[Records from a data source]
• • •

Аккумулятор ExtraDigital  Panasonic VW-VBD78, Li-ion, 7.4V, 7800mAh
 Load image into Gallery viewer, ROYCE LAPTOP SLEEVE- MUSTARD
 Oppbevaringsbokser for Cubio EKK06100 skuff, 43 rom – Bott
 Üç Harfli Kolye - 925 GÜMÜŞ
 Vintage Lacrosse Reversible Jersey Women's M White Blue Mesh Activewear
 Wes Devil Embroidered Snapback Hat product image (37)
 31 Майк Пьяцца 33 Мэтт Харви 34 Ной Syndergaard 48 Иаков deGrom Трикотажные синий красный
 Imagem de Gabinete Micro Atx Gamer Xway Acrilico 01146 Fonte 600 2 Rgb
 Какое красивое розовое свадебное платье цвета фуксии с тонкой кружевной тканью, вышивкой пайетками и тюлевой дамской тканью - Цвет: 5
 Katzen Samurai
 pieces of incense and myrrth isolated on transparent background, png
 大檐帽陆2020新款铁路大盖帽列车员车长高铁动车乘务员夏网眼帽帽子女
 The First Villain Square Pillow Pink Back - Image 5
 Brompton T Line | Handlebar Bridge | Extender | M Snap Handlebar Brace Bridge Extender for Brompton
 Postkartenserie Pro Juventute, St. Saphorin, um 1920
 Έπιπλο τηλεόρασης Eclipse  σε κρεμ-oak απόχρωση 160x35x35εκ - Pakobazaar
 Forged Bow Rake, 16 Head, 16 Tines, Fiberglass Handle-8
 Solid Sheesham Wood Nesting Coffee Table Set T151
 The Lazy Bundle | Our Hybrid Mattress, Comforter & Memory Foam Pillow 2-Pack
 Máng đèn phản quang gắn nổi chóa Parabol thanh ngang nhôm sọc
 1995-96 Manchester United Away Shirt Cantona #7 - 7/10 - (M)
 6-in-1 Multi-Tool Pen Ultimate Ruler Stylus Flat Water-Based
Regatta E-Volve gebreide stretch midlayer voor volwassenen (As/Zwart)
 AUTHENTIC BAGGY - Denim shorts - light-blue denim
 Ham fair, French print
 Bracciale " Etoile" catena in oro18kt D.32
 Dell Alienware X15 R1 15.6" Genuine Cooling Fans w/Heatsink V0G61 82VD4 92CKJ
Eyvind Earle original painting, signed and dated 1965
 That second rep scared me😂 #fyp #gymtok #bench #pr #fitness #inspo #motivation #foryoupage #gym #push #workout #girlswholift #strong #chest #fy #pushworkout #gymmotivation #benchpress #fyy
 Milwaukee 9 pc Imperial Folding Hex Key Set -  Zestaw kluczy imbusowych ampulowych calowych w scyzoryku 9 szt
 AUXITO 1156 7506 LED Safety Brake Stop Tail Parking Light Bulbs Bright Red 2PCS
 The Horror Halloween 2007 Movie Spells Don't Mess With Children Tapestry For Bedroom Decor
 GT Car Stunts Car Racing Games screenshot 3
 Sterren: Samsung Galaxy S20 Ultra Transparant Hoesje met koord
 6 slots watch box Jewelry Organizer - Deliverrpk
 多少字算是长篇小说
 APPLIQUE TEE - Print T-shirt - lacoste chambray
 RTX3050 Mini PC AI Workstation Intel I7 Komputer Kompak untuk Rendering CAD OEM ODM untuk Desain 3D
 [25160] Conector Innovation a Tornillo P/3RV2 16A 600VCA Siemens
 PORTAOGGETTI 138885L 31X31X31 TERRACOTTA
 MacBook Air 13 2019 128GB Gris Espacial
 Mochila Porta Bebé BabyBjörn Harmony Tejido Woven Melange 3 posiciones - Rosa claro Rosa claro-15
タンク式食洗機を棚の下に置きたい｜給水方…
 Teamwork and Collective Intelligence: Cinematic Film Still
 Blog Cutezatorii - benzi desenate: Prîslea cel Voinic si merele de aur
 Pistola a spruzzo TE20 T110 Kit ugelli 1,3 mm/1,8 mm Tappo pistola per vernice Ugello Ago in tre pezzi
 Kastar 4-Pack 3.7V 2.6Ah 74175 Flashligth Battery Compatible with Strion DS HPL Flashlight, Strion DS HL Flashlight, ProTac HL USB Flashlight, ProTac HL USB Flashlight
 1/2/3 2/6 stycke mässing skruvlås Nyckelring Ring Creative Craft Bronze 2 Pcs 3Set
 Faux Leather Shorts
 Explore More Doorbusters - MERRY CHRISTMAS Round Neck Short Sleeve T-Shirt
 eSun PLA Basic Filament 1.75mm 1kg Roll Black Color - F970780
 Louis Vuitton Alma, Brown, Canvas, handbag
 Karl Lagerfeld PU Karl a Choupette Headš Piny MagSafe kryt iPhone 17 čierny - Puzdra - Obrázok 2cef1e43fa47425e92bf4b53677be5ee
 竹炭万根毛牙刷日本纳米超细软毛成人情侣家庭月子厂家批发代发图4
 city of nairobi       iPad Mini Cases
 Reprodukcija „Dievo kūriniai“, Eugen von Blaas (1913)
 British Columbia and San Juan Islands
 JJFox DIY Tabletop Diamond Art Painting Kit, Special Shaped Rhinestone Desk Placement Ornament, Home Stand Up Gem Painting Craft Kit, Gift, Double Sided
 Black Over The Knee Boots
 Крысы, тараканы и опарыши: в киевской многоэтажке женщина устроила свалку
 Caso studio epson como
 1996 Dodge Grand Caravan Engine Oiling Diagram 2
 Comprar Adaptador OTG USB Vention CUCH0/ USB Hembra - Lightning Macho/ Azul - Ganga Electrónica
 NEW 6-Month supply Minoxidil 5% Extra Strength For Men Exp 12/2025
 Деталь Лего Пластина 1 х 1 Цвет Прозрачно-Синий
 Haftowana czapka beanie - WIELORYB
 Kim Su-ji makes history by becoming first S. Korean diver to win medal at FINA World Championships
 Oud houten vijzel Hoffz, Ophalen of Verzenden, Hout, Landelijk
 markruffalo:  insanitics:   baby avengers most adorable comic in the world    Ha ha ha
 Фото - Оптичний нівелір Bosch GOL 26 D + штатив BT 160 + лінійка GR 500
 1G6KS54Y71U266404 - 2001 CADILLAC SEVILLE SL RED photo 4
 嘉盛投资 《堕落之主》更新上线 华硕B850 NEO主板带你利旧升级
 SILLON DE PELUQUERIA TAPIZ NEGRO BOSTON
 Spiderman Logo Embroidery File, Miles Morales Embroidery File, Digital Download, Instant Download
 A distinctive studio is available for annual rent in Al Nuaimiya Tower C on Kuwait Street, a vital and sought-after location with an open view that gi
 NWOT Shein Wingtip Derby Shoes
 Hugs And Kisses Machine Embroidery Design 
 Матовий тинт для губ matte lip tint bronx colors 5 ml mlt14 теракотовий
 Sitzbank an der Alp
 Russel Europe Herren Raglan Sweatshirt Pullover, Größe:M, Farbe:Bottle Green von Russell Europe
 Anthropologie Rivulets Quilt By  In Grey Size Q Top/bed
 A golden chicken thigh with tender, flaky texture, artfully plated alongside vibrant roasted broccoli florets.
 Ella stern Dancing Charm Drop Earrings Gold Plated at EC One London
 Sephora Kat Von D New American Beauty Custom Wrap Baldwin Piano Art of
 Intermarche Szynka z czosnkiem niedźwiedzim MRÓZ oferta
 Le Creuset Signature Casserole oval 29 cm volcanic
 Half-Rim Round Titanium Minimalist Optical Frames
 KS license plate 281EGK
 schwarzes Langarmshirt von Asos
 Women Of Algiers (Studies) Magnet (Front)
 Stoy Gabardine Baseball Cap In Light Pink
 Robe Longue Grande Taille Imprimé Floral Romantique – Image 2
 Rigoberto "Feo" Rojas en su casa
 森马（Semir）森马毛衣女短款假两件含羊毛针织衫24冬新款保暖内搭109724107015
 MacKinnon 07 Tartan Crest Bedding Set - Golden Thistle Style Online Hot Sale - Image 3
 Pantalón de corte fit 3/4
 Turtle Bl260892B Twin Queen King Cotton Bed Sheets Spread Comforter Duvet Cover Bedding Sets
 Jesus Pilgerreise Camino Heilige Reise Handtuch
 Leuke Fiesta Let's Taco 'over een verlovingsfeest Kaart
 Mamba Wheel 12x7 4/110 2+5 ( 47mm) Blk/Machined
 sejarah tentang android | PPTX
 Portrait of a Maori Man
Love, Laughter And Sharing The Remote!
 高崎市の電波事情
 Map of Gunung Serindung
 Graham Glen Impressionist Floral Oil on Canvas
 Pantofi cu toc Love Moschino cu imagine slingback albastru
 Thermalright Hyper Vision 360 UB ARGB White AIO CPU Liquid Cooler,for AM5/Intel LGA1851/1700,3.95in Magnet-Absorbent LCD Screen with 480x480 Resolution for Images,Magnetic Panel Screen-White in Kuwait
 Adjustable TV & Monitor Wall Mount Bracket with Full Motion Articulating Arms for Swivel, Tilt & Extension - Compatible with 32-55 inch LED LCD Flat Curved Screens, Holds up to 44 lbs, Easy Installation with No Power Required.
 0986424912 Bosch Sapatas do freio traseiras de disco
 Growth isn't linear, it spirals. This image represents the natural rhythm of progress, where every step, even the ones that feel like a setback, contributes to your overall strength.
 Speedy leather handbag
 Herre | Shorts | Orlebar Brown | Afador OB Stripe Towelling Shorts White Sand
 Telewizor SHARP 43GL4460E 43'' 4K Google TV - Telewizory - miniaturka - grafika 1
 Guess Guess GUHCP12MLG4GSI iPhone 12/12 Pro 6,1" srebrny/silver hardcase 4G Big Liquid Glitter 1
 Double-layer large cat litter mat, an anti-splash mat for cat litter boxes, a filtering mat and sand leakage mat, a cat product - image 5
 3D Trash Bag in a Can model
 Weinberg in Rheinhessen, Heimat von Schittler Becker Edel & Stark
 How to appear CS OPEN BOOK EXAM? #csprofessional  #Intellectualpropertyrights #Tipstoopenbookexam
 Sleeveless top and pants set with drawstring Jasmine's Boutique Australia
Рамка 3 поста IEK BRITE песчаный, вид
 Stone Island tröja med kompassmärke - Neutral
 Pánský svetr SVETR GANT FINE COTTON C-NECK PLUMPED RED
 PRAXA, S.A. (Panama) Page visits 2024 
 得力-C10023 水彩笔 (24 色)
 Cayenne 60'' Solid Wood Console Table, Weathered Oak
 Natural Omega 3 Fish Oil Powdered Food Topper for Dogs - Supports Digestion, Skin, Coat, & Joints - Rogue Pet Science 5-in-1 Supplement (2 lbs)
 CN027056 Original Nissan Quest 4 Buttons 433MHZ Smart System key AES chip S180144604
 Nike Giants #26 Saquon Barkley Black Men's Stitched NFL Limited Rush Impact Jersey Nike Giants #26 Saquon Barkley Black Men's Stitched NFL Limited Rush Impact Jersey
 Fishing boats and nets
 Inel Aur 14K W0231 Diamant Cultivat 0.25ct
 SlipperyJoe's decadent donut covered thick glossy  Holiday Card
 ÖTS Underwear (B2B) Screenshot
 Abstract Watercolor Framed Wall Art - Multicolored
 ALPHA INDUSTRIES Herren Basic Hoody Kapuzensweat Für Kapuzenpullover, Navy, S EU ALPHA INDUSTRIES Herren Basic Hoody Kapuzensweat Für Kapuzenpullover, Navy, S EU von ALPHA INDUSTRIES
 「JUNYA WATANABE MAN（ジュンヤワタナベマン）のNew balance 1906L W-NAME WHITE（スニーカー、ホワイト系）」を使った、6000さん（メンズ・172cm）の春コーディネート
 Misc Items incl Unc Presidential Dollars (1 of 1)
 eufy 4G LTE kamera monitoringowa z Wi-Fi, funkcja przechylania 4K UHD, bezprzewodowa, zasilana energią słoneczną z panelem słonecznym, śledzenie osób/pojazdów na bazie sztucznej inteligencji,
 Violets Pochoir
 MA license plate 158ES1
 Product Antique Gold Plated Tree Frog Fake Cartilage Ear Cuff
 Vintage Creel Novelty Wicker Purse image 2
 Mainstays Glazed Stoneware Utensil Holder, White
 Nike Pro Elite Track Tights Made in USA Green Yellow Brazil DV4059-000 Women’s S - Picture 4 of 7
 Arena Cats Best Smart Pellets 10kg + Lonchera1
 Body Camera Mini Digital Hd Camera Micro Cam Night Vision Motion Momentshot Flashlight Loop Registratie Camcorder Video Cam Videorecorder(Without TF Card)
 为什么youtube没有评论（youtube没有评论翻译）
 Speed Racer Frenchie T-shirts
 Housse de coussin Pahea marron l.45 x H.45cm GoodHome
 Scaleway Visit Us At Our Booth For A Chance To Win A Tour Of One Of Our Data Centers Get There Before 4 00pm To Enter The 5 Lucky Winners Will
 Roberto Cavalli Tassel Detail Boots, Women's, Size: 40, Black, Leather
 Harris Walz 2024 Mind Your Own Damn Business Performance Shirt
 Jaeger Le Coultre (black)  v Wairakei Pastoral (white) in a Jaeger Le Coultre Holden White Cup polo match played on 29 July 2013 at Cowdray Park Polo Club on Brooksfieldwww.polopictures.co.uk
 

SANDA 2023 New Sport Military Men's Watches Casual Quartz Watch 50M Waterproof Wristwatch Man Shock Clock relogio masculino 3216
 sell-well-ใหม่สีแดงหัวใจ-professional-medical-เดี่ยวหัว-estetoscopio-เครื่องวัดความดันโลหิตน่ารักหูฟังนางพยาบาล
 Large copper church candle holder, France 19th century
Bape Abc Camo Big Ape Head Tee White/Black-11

• • •

▶ Exercise prompt
Reproduce every line of the entries above, unchanged, from the very first one down to and including the line containing "The First Villain".

▶ Response to the exercise
Аккумулятор ExtraDigital  Panasonic VW-VBD78, Li-ion, 7.4V, 7800mAh
 Load image into Gallery viewer, ROYCE LAPTOP SLEEVE- MUSTARD
 Oppbevaringsbokser for Cubio EKK06100 skuff, 43 rom – Bott
 Üç Harfli Kolye - 925 GÜMÜŞ
 Vintage Lacrosse Reversible Jersey Women's M White Blue Mesh Activewear
 Wes Devil Embroidered Snapback Hat product image (37)
 31 Майк Пьяцца 33 Мэтт Харви 34 Ной Syndergaard 48 Иаков deGrom Трикотажные синий красный
 Imagem de Gabinete Micro Atx Gamer Xway Acrilico 01146 Fonte 600 2 Rgb
 Какое красивое розовое свадебное платье цвета фуксии с тонкой кружевной тканью, вышивкой пайетками и тюлевой дамской тканью - Цвет: 5
 Katzen Samurai
 pieces of incense and myrrth isolated on transparent background, png
 大檐帽陆2020新款铁路大盖帽列车员车长高铁动车乘务员夏网眼帽帽子女
 The First Villain Square Pillow Pink Back - Image 5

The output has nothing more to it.